I'll post some beamshots later once it gets dark. This is going to be awesome! I can't thank nailbender enough for his work.

Now with beamshot goodness!

First, a white wall (well it's actually blue) The beam pattern on this light is just gorgeous:





Now for some comparisons... All photos are at the same exposure and f-stop.
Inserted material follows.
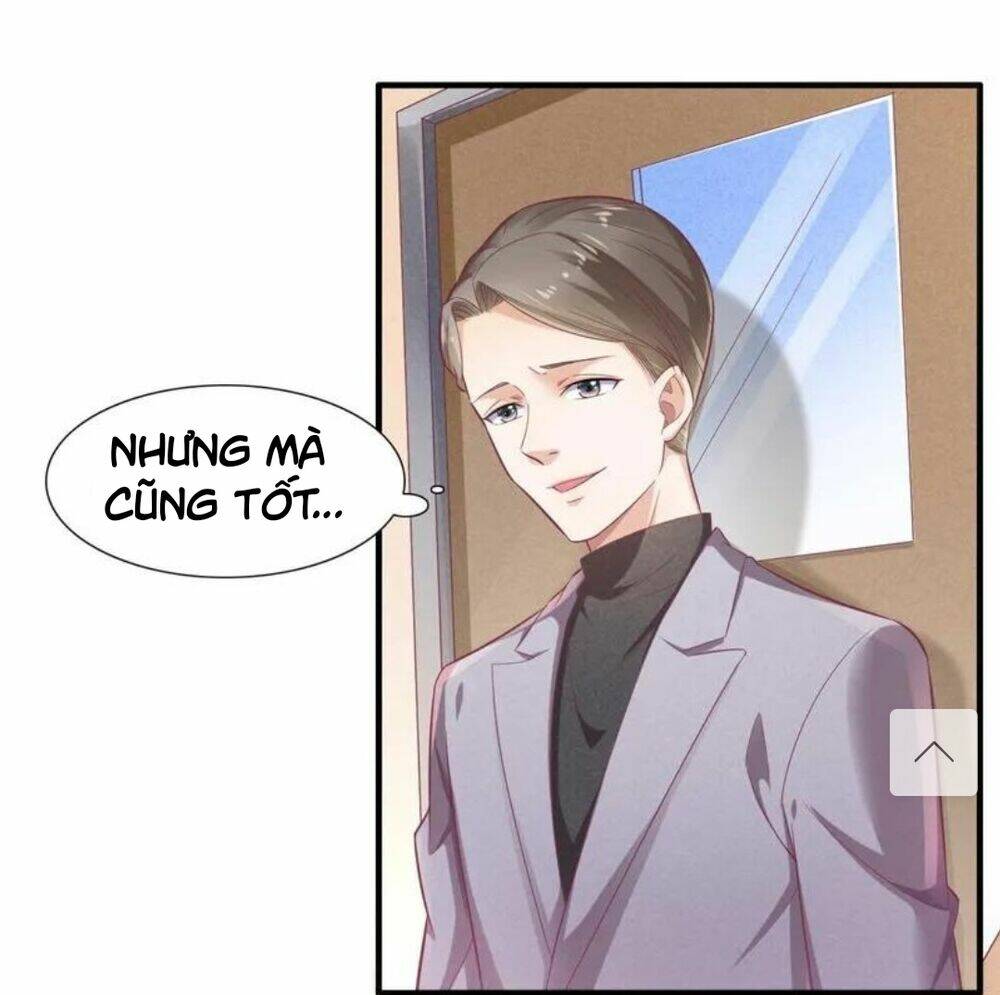 bá đạo tổng tài yêu tôi chapter 196 6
My back fence of 15m away. First photo is a Jetbeam Jet III-M Q5





And now the Spear





And now, just for fun, my Elektrolumens 3xMC-E Mag





In these, the back of the treehouse is 5m away

Jet III-M





Spear





3xMC-E Mag





Enjoy!


----------



## saabluster (Feb 12, 2010)

*Re: 1000 Lumen RaidFire Spear*

Very nice. I am not normally into all these posts about the latest LED someone swapped into their light but I am really curious about this one. I absolutely love my Spear and always thought it had more room to push the boundaries from a thermal perspective. How quickly does it heat up to the point you can't touch it?


----------



## mvyrmnd (Feb 12, 2010)

*Re: 1000 Lumen RaidFire Spear*



saabluster said:


> Very nice. I am not normally into all these posts about the latest LED someone swapped into their light but I am really curious about this one. I absolutely love my Spear and always thought it had more room to push the boundaries from a thermal perspective. How quickly does it heat up to the point you can't touch it?


After 5 mins, the body is at 45C at its hottest point.
EDIT: I ran a full battery charge through it and left it sitting on a table. The body segment the pill is screwed into made it to 58C. 

I'm going for a walk with it tonight, so I'll see how far I get before it burns me 

It does seem to stabilise at that point though. It gets to 40C within 2 mins, and then is only creeping up after that.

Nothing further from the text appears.